▸ **Work to be completed**:
Each line in the material below, starting at the one that contains "Day, Natural landscape, View" and ending at the one that contains "2 bedroom Single", should be repeated exactly; the pictures should not.

▸ **Source material**:
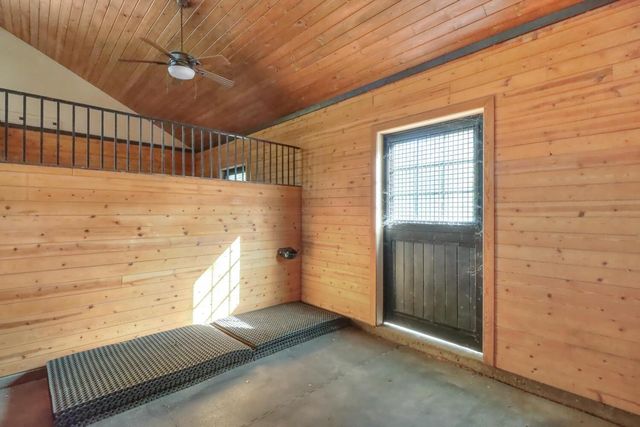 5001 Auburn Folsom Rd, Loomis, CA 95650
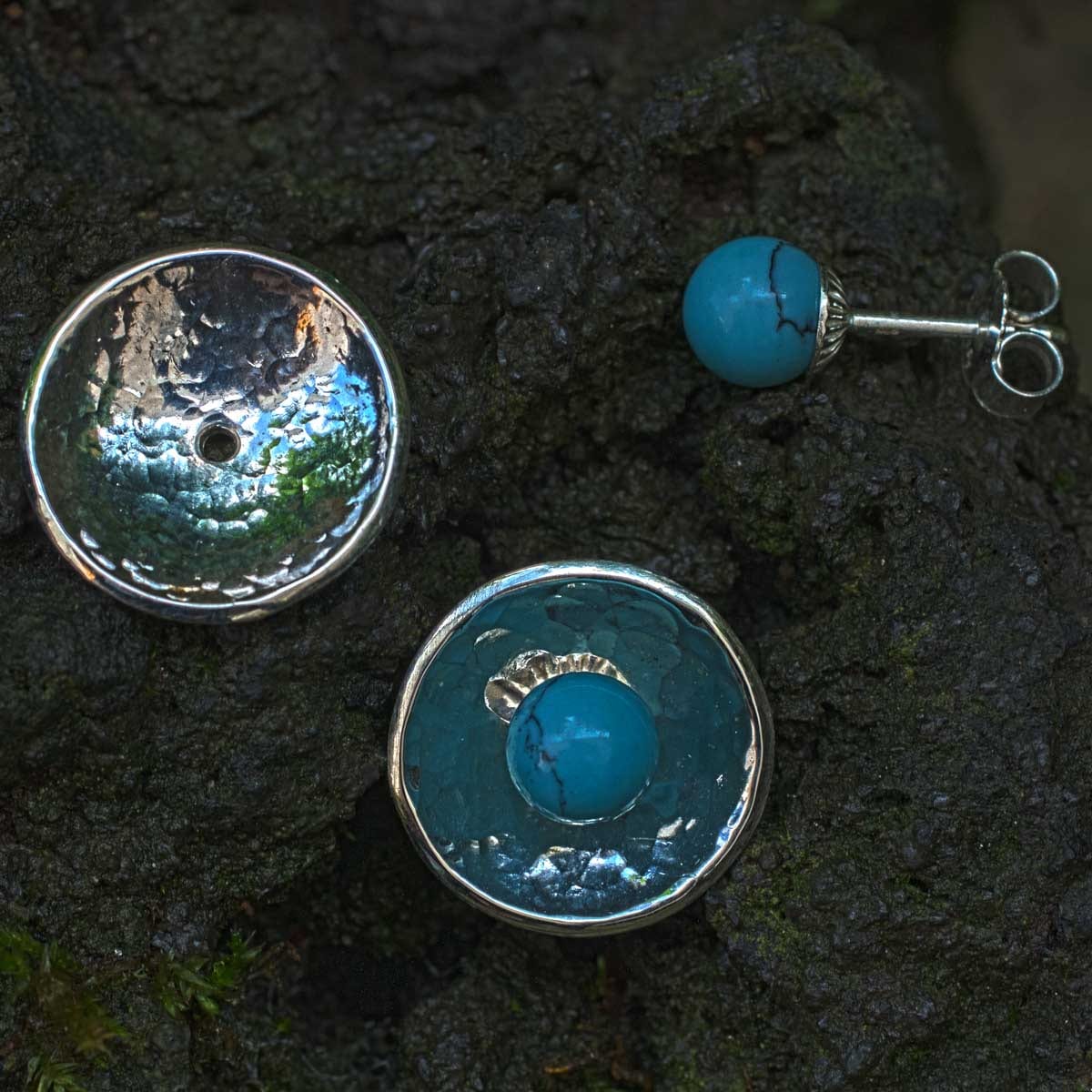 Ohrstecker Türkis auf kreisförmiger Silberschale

* * *

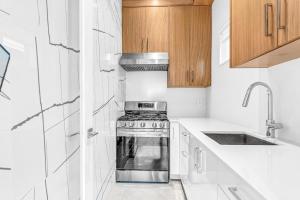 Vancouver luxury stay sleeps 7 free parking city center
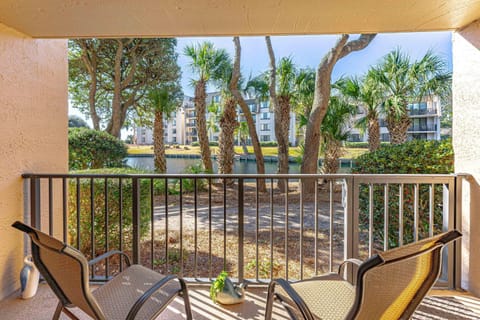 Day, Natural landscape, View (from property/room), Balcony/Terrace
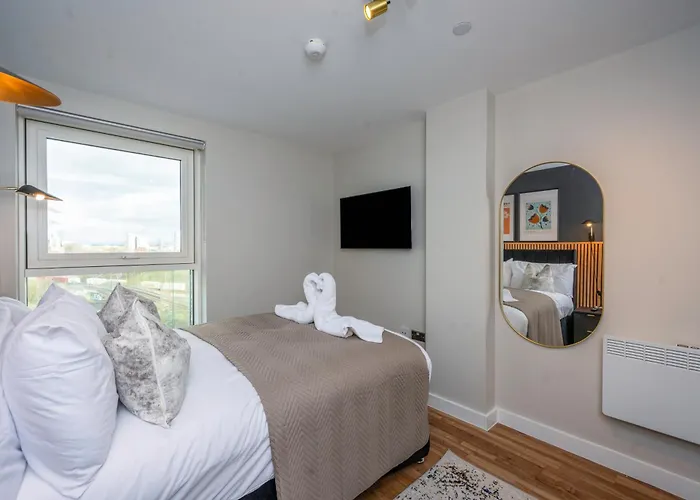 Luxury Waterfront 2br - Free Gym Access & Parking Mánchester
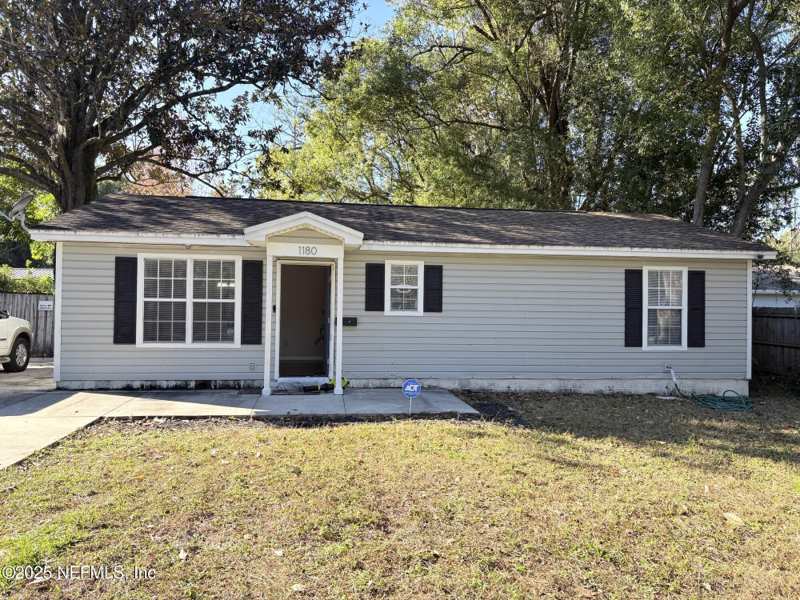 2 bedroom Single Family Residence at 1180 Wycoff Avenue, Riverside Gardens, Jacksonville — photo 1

▸ **Exercise solution**:
 Day, Natural landscape, View (from property/room), Balcony/Terrace
 Luxury Waterfront 2br - Free Gym Access & Parking Mánchester
 2 bedroom Single Family Residence at 1180 Wycoff Avenue, Riverside Gardens, Jacksonville — photo 1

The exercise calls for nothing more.